Given two unsorted arrays find all pairs whose sum is x

Difficulty Level Easy
Array Hash Hashing

Problem Statement

Given two unsorted arrays, find all pairs whose sum is x problem states that you are given two arrays of integers that are unsorted and a value called sum. The problem statement asks to find out the total number of pairs and print all those pairs that add up to the given value called sum.

Example

arr1[] = { 3,6,1,4,8,2}

arr2[] = { 2,1,5,7,2,4}

sum = 9
(8, 1), (4, 5) (2, 7)

Explanation: All three pairs have a number that has the sum equal to the given value 9.

arr1[] = { 2,5,1,7,9}

arr2[] = { 3,6,8,1,0}

sum = 7
(1, 6), (7, 0)

Explanation: Both two pairs have a number that has the sum equal to the given value 7.

Algorithm to find all pairs having sum = x in two unsorted arrays

1. Declare a Set.
2. Insert all the values of array1 into the Set.
3. Traverse the array2.
4. Check if the difference of sum and each number of array2 is present in a set.
5. If present then prints the difference and the current array element.

Explanation

Given two unsorted arrays, find all pairs whose sum is x.

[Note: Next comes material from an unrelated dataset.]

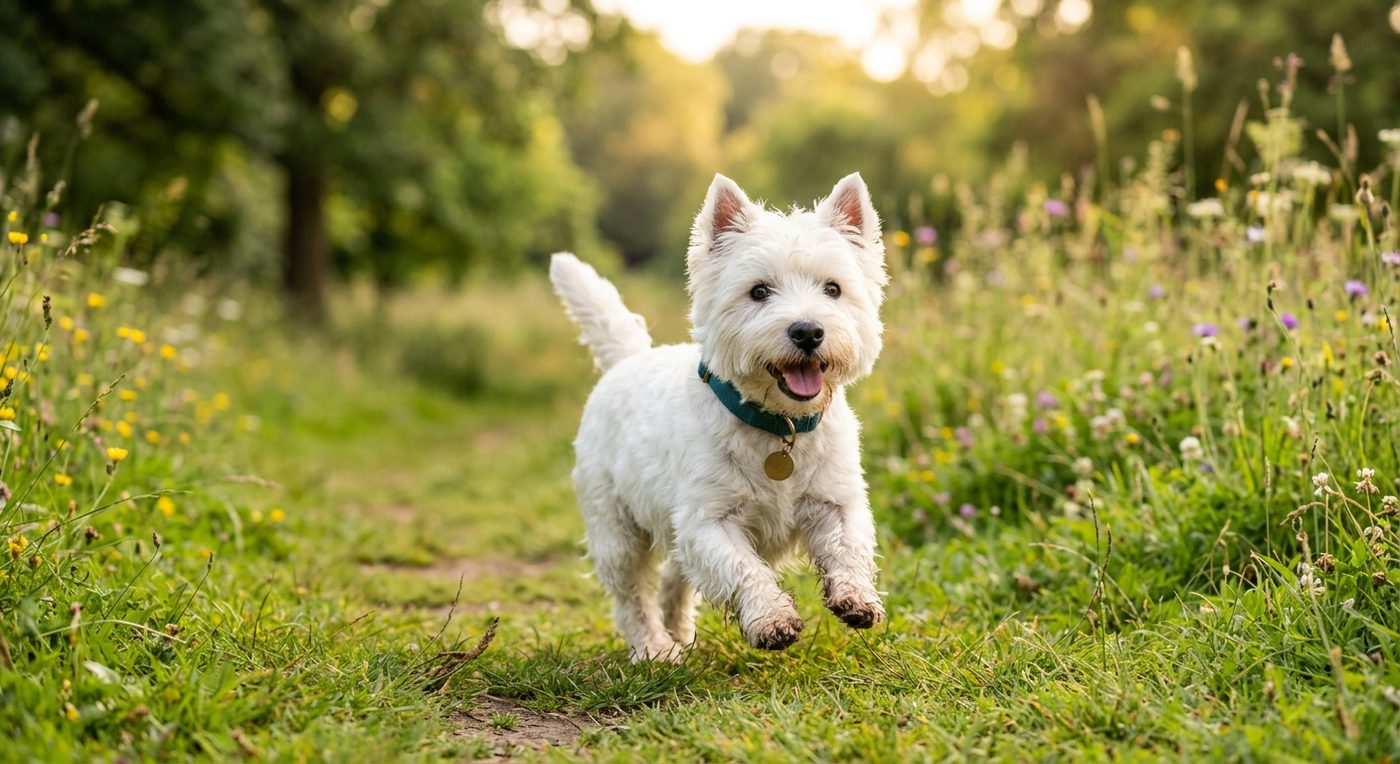 Aktiver, gesunder West Highland White Terrier im Freien (symbolische Fotodarstellung, KI-generiert)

For this, we are going to use the set. A set provides also a feature of removing the common elements. What we are going to do is we will insert all the values of array1 into the set. Here, if set removes or does not remove the elements. We do not care about that much because we only need the number to check if the pair can be formed.

Sorting using trivial hash function

While traversing the first array, we will be inserting all the values of it into the set. Later, with this set, we will find if we have any pair that can be formed whose sum is equal to the given value called sum. When we finished with inserting all the values into the set, we will traverse the array 2.

Starting for the first element of the second array we will check for the difference of the given value and each value of the second array while traversing. It is a similar thing as we can add two numbers say a + b = c, and now if we have only b and c, with c-b we can find out the ‘a’. The same thing is here we have the resultant value we can find out which value is required to complete the pair. That’s why we are looking for a difference of sum and each value of array2 in array1. If we find the pairs simply print the difference of the pair and the current array element, this will be the required pair.

Code

C++ code to find all pairs having sum = x in two unsorted arrays

#include<iostream>
#include<unordered_set>

using namespace std;

void getPairsofSum(int arr1[], int arr2[], int l1, int l2, int sum)
{
unordered_set<int> MAP;
for (int i = 0; i < l1; i++)
MAP.insert(arr1[i]);

for (int j = 0; j < l2; j++)
if (MAP.find(sum - arr2[j]) != MAP.end())
cout << sum - arr2[j] << " "<< arr2[j] << endl;
}
int main()
{
int arr1[] = { 3,6,1,4,8,2};
int arr2[] = { 2,1,5,7,2,4};
int sum = 9;
int l1 = sizeof(arr1) / sizeof(int);
int l2 = sizeof(arr2) / sizeof(int);
getPairsofSum(arr1, arr2, l1, l2, sum);
return 0;
}
8 1
4 5
2 7

Balanced Expression with Replacement

Java code to find all pairs having sum = x in two unsorted arrays

import java.util.HashMap;

class PairofSumUnsortedArray
{
public static void getPairsofSum(int arr1[], int arr2[], int l1, int l2, int sum)
{
HashMap<Integer, Integer> MAP = new HashMap<Integer, Integer>();

for (int i = 0; i < l1; i++)
MAP.put(arr1[i], 0);

for (int j = 0; j < l2; j++)
if (MAP.containsKey(sum - arr2[j]))
System.out.println(sum - arr2[j] + " " + arr2[j]);
}
public static void main(String[] args)
{
int arr1[] = { 3,6,1,4,8,2};
int arr2[] = { 2,1,5,7,2,4};
int sum = 9;
getPairsofSum(arr1, arr2, arr1.length, arr2.length, sum);
}
}
8 1
4 5
2 7

Complexity Analysis

Time complexity

O(max(n, m)) where “n” and “m” is the length of the first and second array.

Space Complexity

O(max(n, m)) where “n” and “m” is the length of the first and second array.